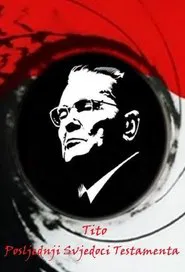 Tito – the Last Witnesses of the Testament tv show poster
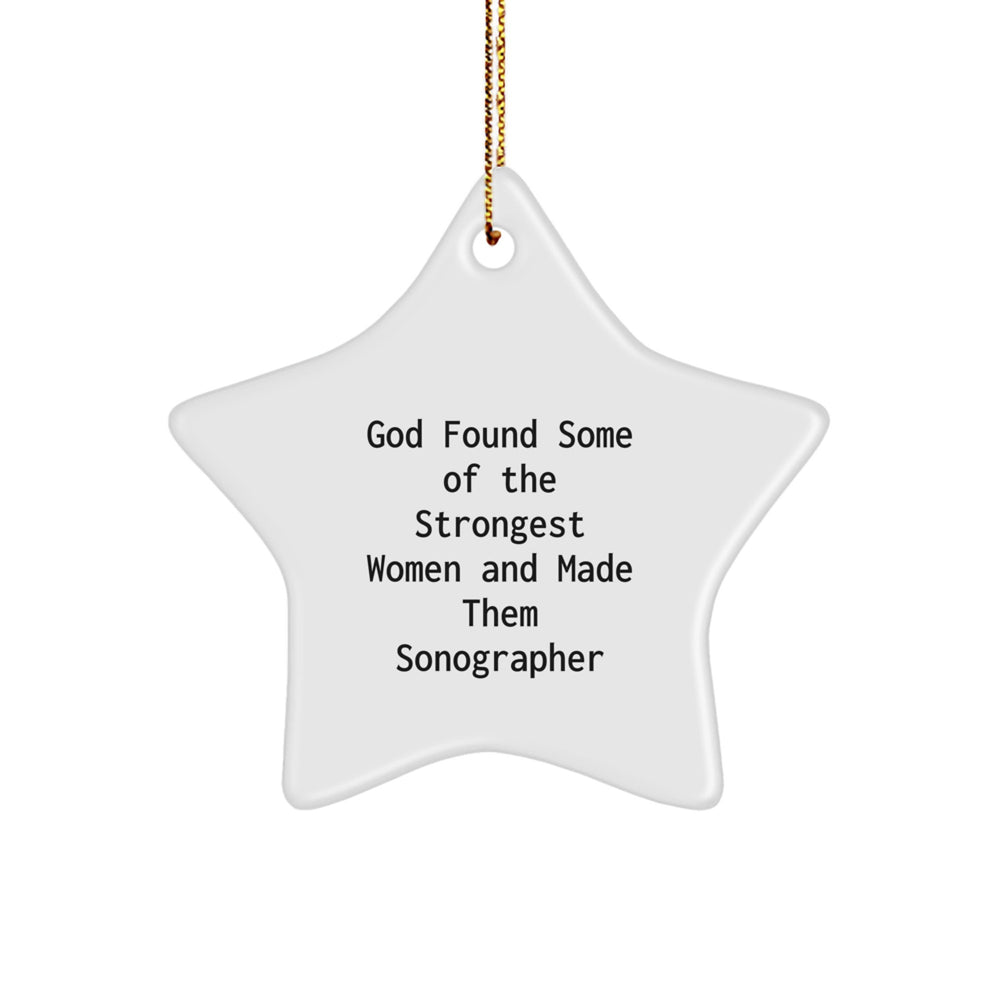 Funny Sonographer Gifts, Inspirational Star Ornament, Gifts from Women for Sonographer Friends, Christmas Unique Gifts from Family - Image 1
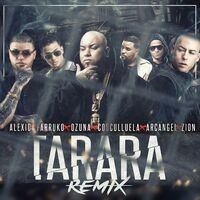 Tarara (Remix) [feat. Farruko, Ozuna, Cosculluela, Arcangel & Zion]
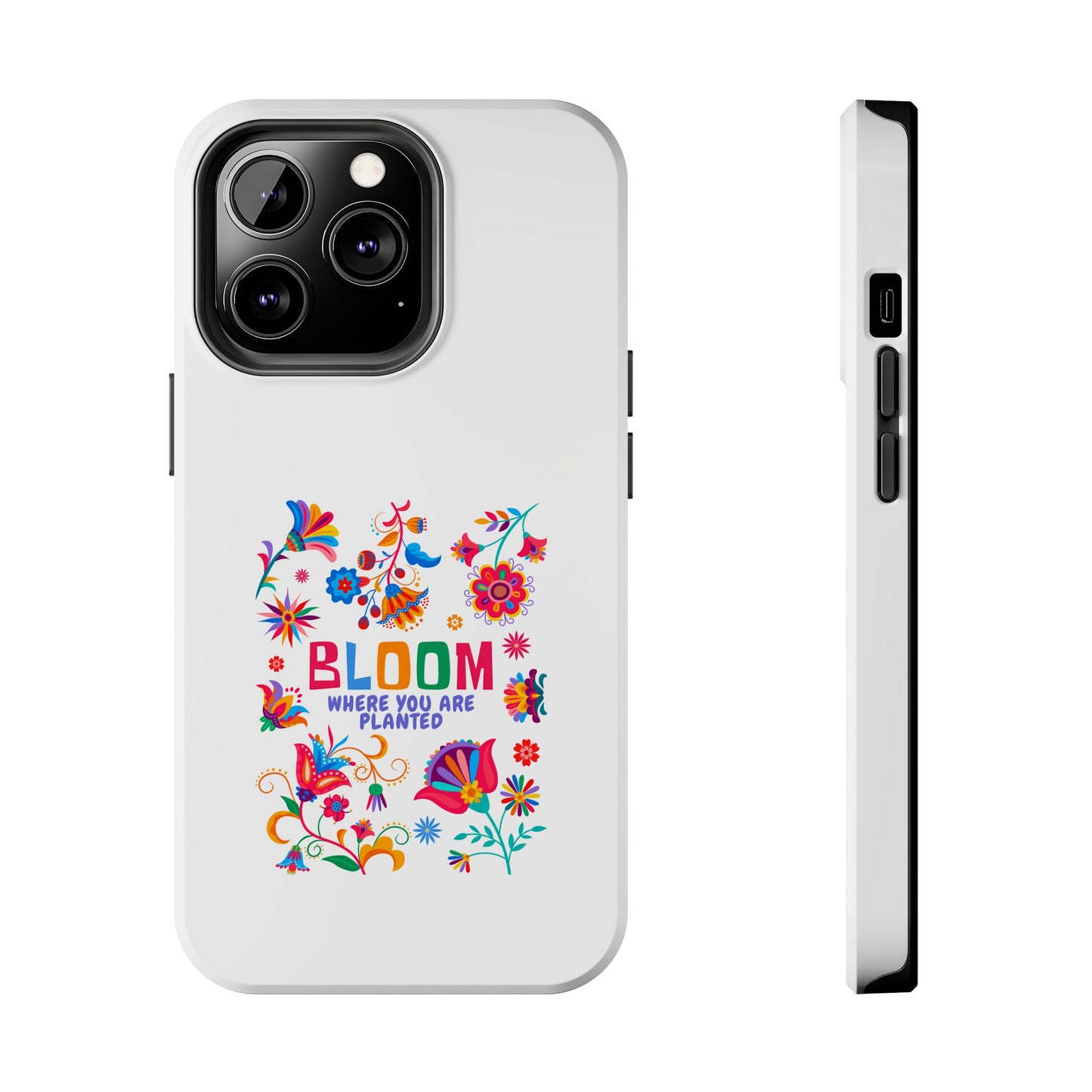 Bloom Where You are Planted - Tough iPhone Cases - Choose your Size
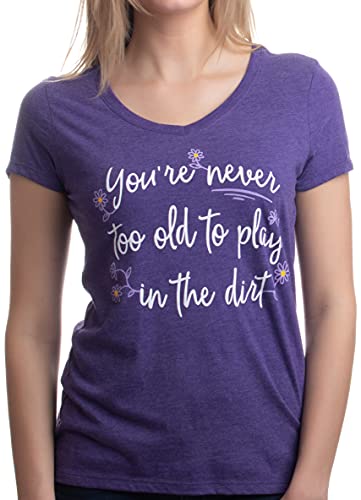 Book Cover Never Too Old to Play in Dirt | Funny Gardener Gardening Vneck T-Shirt for Women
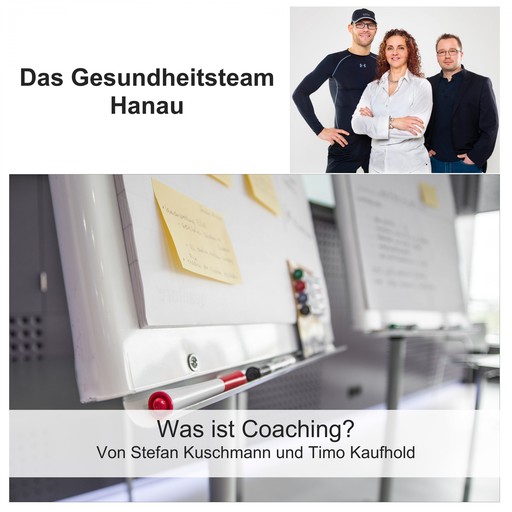 Was ist Coaching, Timo Kaufhold, Stefan Kuschmann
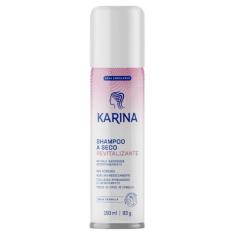 Shampoo A Seco Karina Revitalizante Remoção Oleosidade 150ml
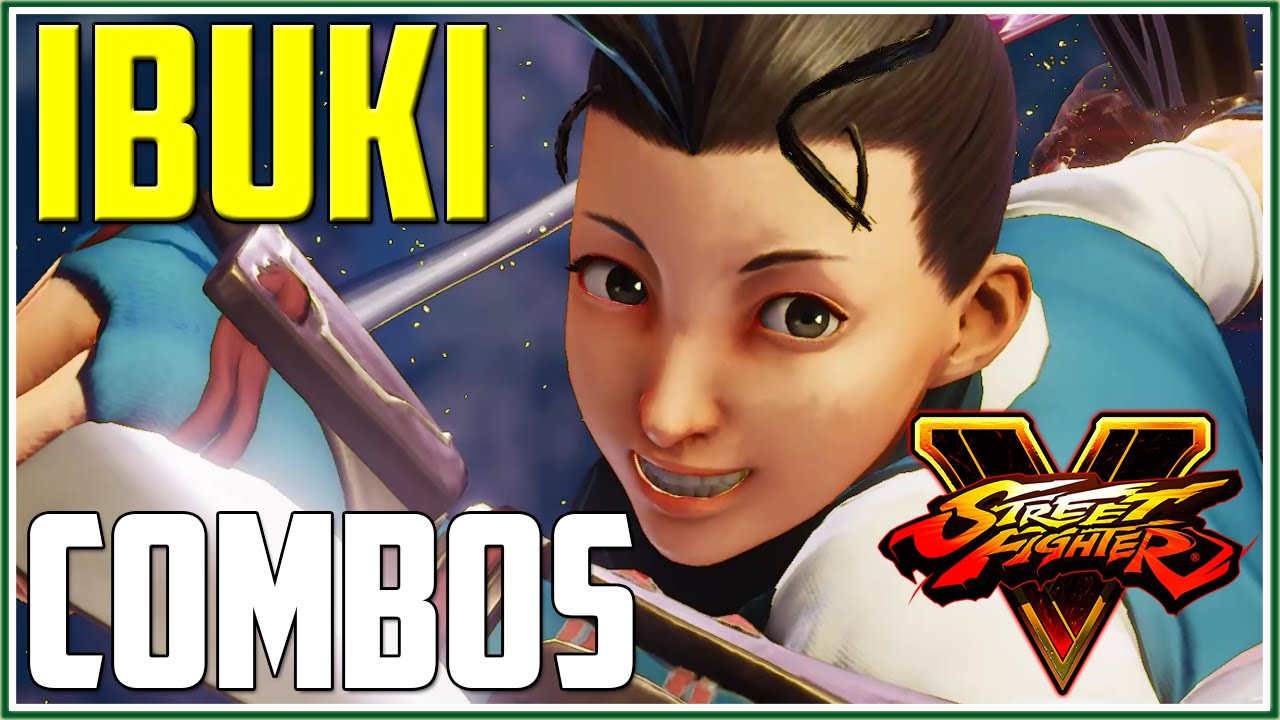 Street Fighter 5: IBUKI COMBOS | (SF V, 1080p 60fps)
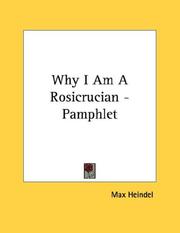 Cover of: Why I Am A Rosicrucian - Pamphlet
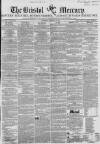 Bristol Mercury Saturday 15 February 1851 Page 1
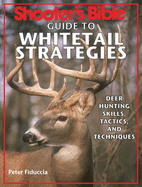 Shooter's Bible Guide to Whitetail Strategies: Deer Hunting Skills, Tactics, and Techniques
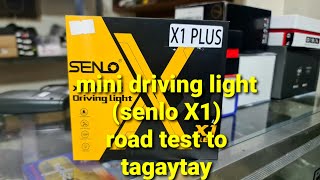 mini driving light road test sa kotse  senlo x1 [upl. by Sargent]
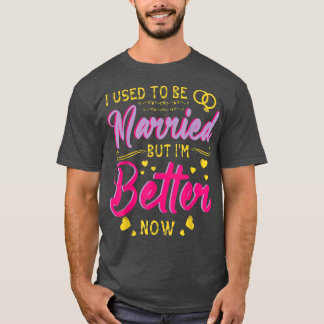 Husband Wife I Used To Be Married But Im Better No T-Shirt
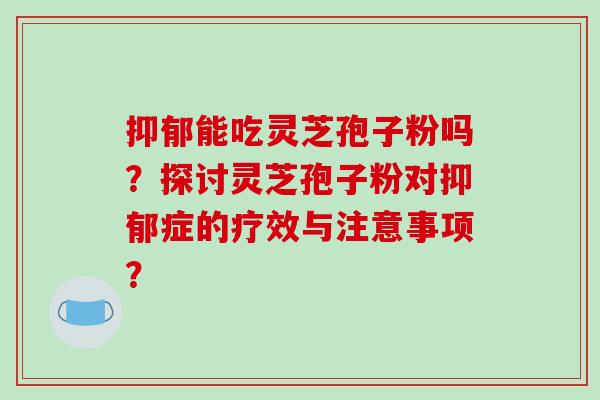 抑郁能吃灵芝孢子粉吗？探讨灵芝孢子粉对抑郁症的疗效与注意事项？-第1张图片-破壁灵芝孢子粉研究指南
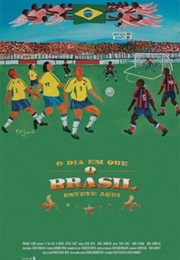 O Dia Em Que O Brasil Esteve Aqui (2005)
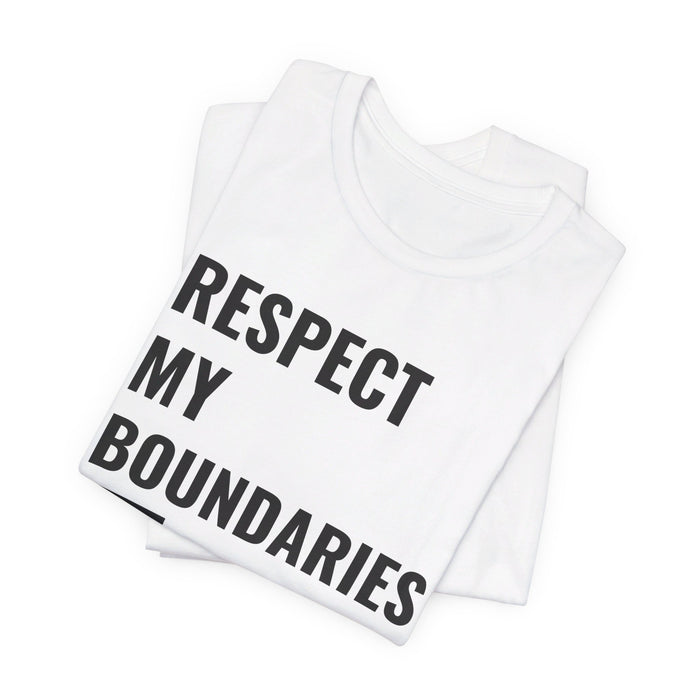 Respect My Boundaries Tee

- **Task brief**
Exactly the lines from the one with "Shooter's Bible Guide" through the end of the records should be written out, and only those. Pictures do not belong in the copy.

- **Answer section**
 Shooter's Bible Guide to Whitetail Strategies: Deer Hunting Skills, Tactics, and Techniques
 mini driving light road test sa kotse  senlo x1 [upl. by Sargent]
 Husband Wife I Used To Be Married But Im Better No T-Shirt
 抑郁能吃灵芝孢子粉吗？探讨灵芝孢子粉对抑郁症的疗效与注意事项？-第1张图片-破壁灵芝孢子粉研究指南
 O Dia Em Que O Brasil Esteve Aqui (2005)
 Respect My Boundaries Tee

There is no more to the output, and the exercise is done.